Technologies that can drive servicing cost-savings take two forms: customer self-service technology and robotic process automation. Both of these technologies work to drive improved efficiency and drive higher satisfaction for consumers and employees alike.

More importantly, these technologies allow companies to devote employee resources to value-added services rather than tasks like fielding calls or data entry, said Kelly Adkisson, managing director for Accenture's credit consulting practice in North America. The same mentality applies to the choice servicers face in whether or not to outsource certain parts of their business offshore.

"In servicing, the largest expense base is typically coming from your personnel," Adkisson said, noting that robotic process automation alone can enable a 30% cost reduction or more for some companies.
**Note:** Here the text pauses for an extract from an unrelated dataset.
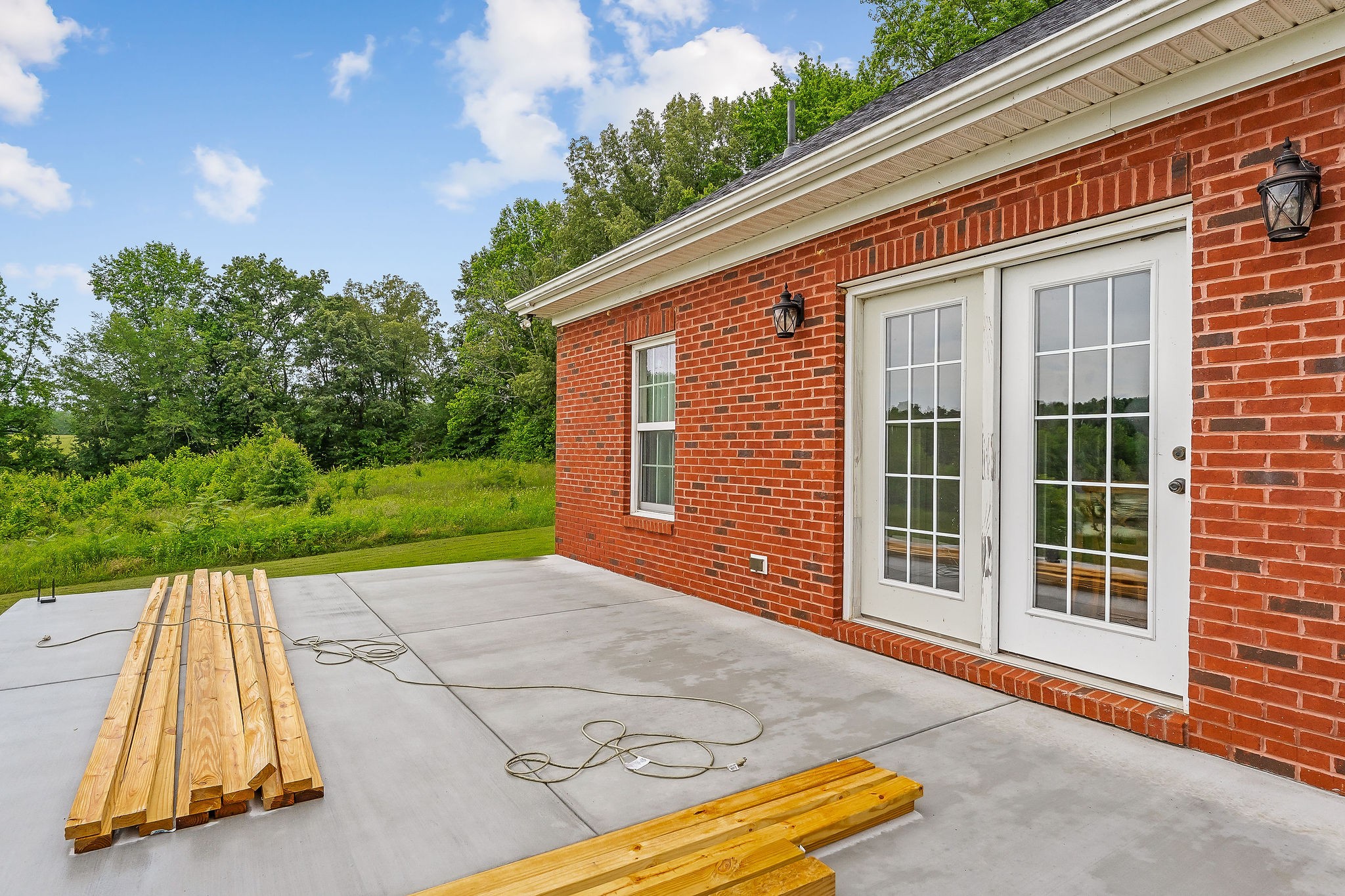 656 Osement Road McMinnville, TN 37110 - Photo 40 of 43 a backyard with a garden and entertaining space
But as important as those investments is another, perhaps counterintuitive one: scale.

"You need scale," said Lee Smith, chief operating officer of Flagstar Bank, particularly with regards to companies in the performing servicing space. He estimates that a servicer needs between 180,000 and 200,000 loans to break even in the current working environment.

Flagstar has roughly 360,000 loans that it either services or subservices, which is why the company's servicing division has remained profitable, Smith said.

"Once you get over 200,000, it's all done at the margin and it's all profit because you've already covered your fixed cost base," Smith said.